Para Unamuno este sentimiento anticientifista se hace patente en varias de sus obras, muy especialmente en Amor y Pedagogía que supone todo un alegato a lo que hoy, de mano de las últimas corrientes psicologicistas (coaching, autoayuda...), llamamos inteligencia emocional. En el libro citado, del que daremos cuenta conforme vayamos profundizando en los conceptos capitales de este ensayo, se ejecuta un alegato a esa otra forma de conocer y de vivir, a esa otra forma que, si bien dista mucho de la racionalidad y objetividad pretendida por los autores filósofos y científicos de la modernidad (mathesis cartesiana), procura atender al verdadero hambre del ser humano, al hambre de vida, de inmortalidad, a la tendencia al eros religioso, español, por muy acrítico que pueda llegar a parecer.
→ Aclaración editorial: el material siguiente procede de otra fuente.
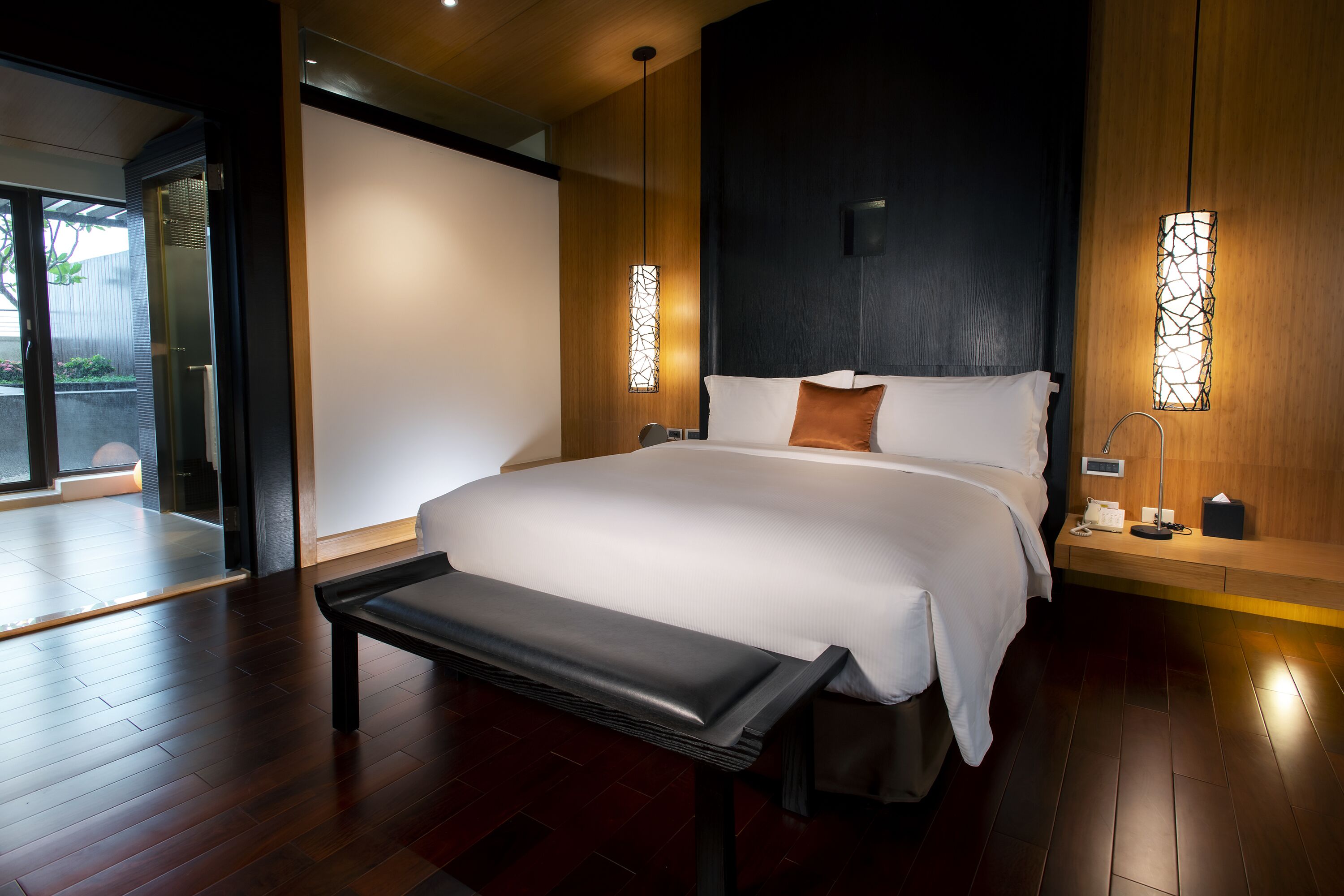 A modern hotel room with a large bed, a bench, and two wall-mounted lamps.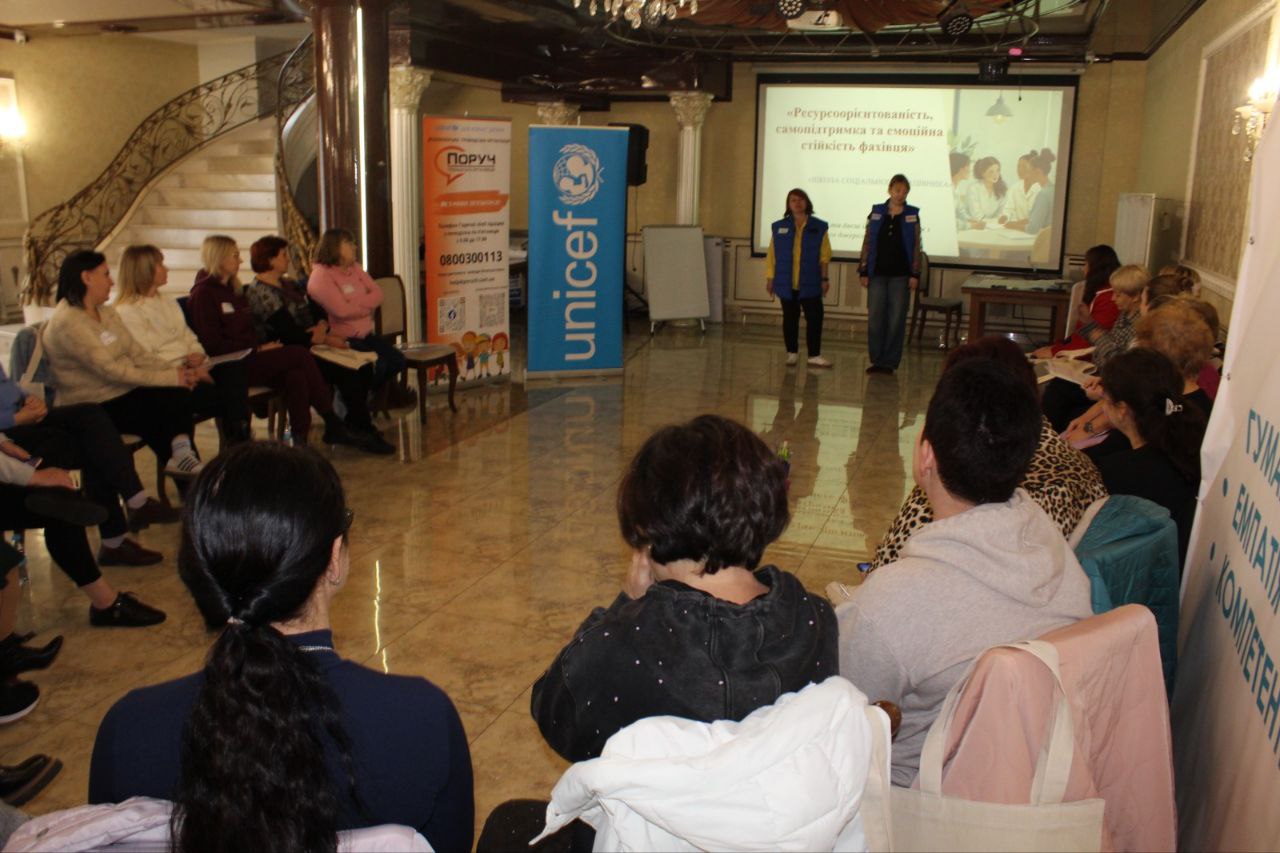 Учасники сидять у приміщенні та слухають двох жінок, які стоять біля екрана з презентацією на тему: Ресурсоорієнтованість, самопідтримка та емоційна стійкість фахівця, поруч видно банери: ЮНІСЕФ та ПОРУЧ.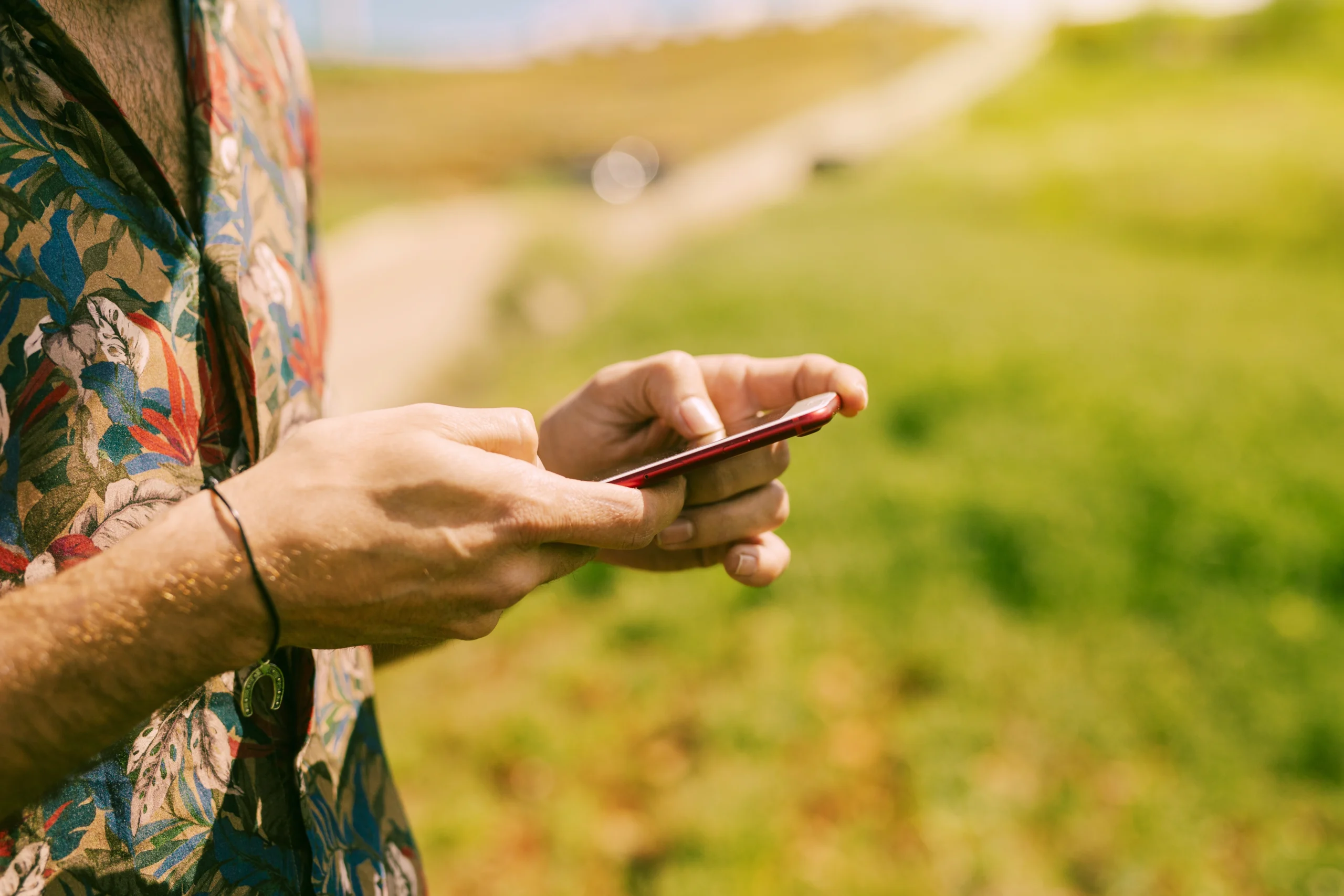 man holding smartphone nature scaled man holding smartphone nature scaled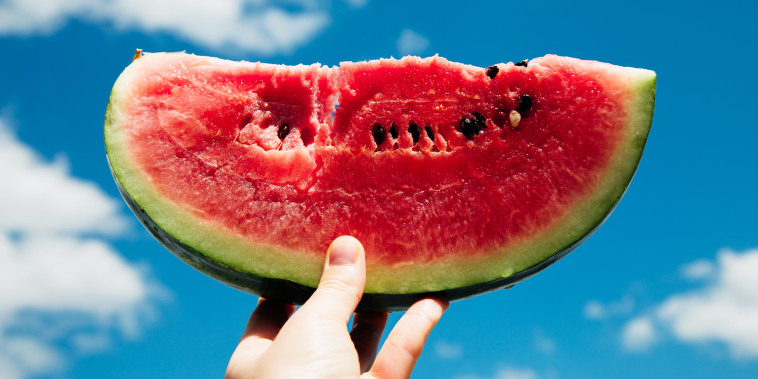 Slice of watermelon in hand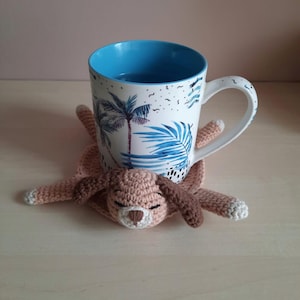 Könnte beinhalten: Eine weiße Keramiktasse mit blauem Innenraum und Palmenmuster steht auf einem gehäkelten, hundeförmigen Untersetzer. Der Untersetzer ist hellbraun mit dunkelbraunen Ohren und Pfoten sowie weißen Akzenten auf den Pfoten.
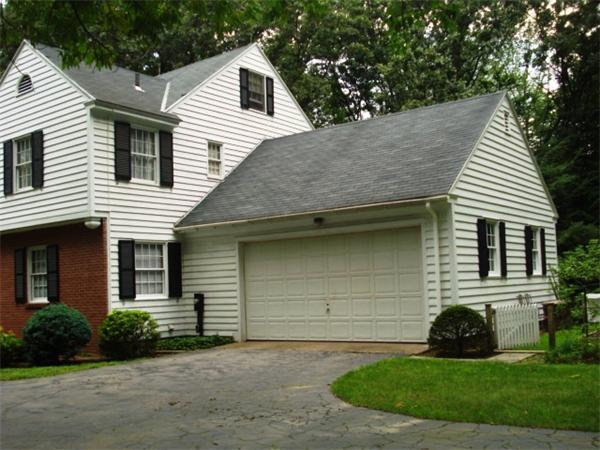 40 Woodsley Road Longmeadow, MA 01106 - Photo 5 of 16 a view of a white house with a yard and plants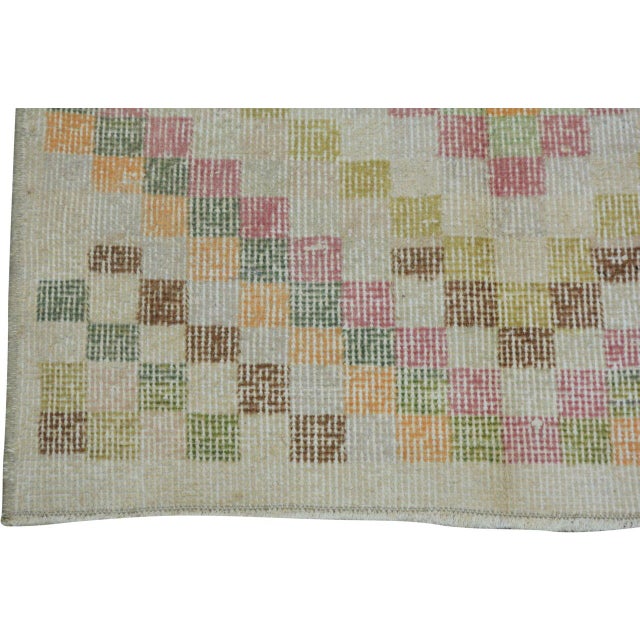 Hand-knotted with care using traditional rug-making techniques, this wool rug blends timeless craftsmanship with a modern...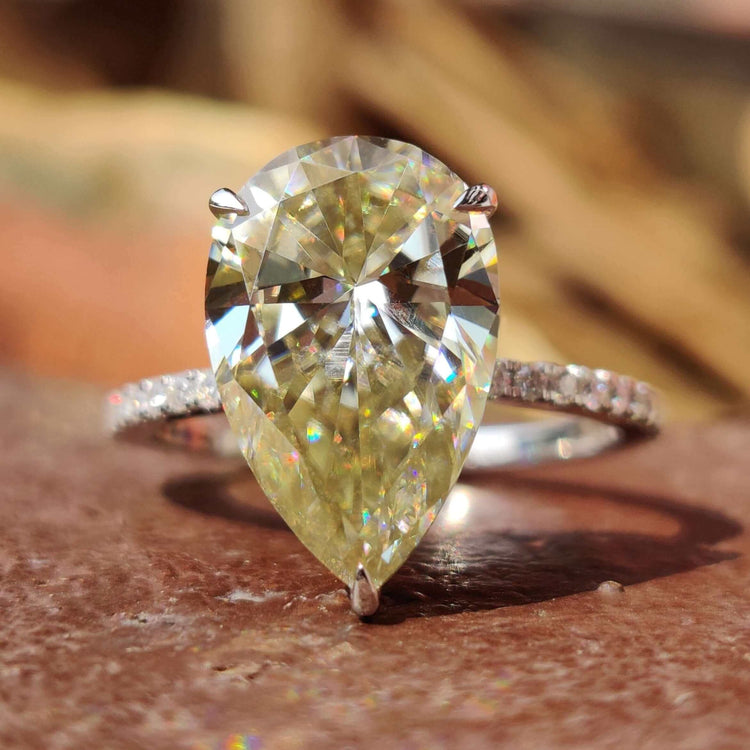 Light yellow pear cut moissanite engagement ring with round side stones.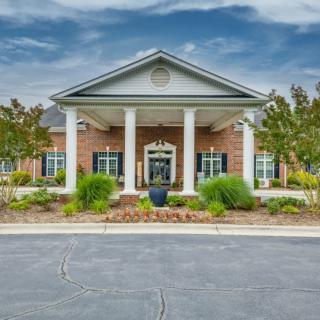 A brick building with a columned entrance and well-maintained landscaping.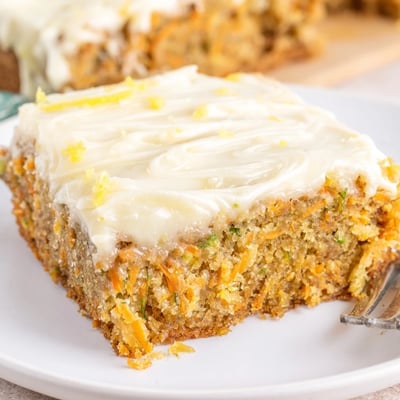 Spiced Ginger Carrot And Zucchini Bars With Lemon Cream Cheese Frosting served with tea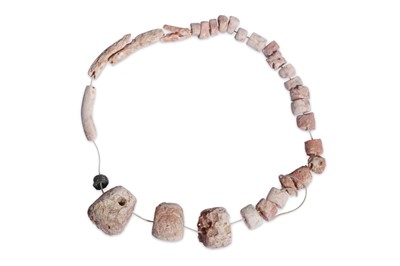 Lot 3 - A PREDYNASTIC EGYPTIAN SHELL BRACELET Naqada I,...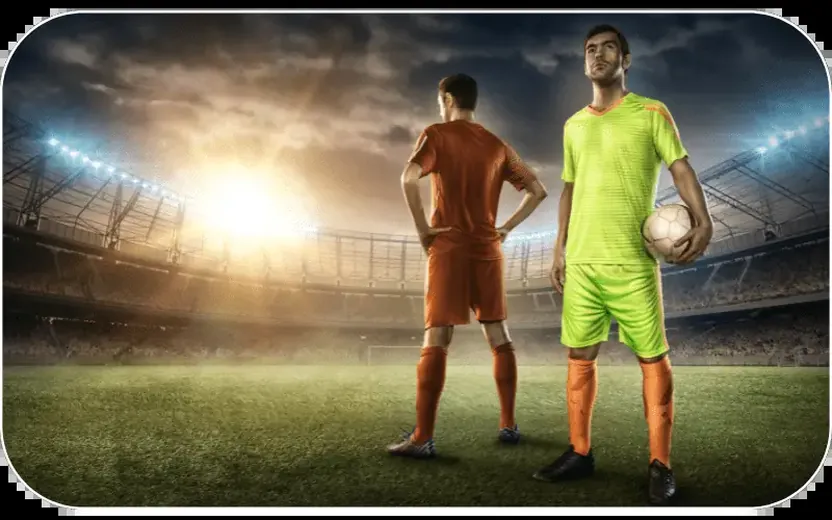 Two footballers facing off under floodlights on a night pitch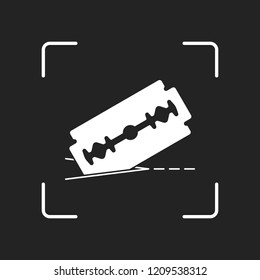 razor blade and cutting line. simple icon. White object in camera autofocus on dark background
Las analogías que haré con Unamuno deben partir de una precisión desde ya: Unamuno fue un autor profundamente espiritual, entendida la espiritualidad como aquella instancia, repito, específicamente humana, inexplicable, inefable, incapaz de someterse a ejercicio de verificación científica, irreducible. Hoy en día, desde el materialismo filosófico que, entre otros, sostiene la escuela de Gustavo Bueno, no se entiende en una ontología admisible por gran parte del gremio filosófico, apelaciones a algo así como lo espiritual, lo místico o el trasmundo inventado, como sí que hace Don Miguel.
Veremos hasta qué punto Unamuno es consciente de toda crítica que suscitan sus comentarios al respecto y cómo los va salvando o, más bien, asimilando (integrándose en ellos), convirtiéndose en lo que fue: un hombre contradictorio.
Por último, hablaré de las consecuencias éticas y filosóficas de esta concepción generalizada que busca en las ciencias naturales las respuestas a todos los problemas de la sociedad, para semejante tarea buscaré ayuda en Wilhelm Dilthey e Immanuel Kant, entre otros epistemólogos.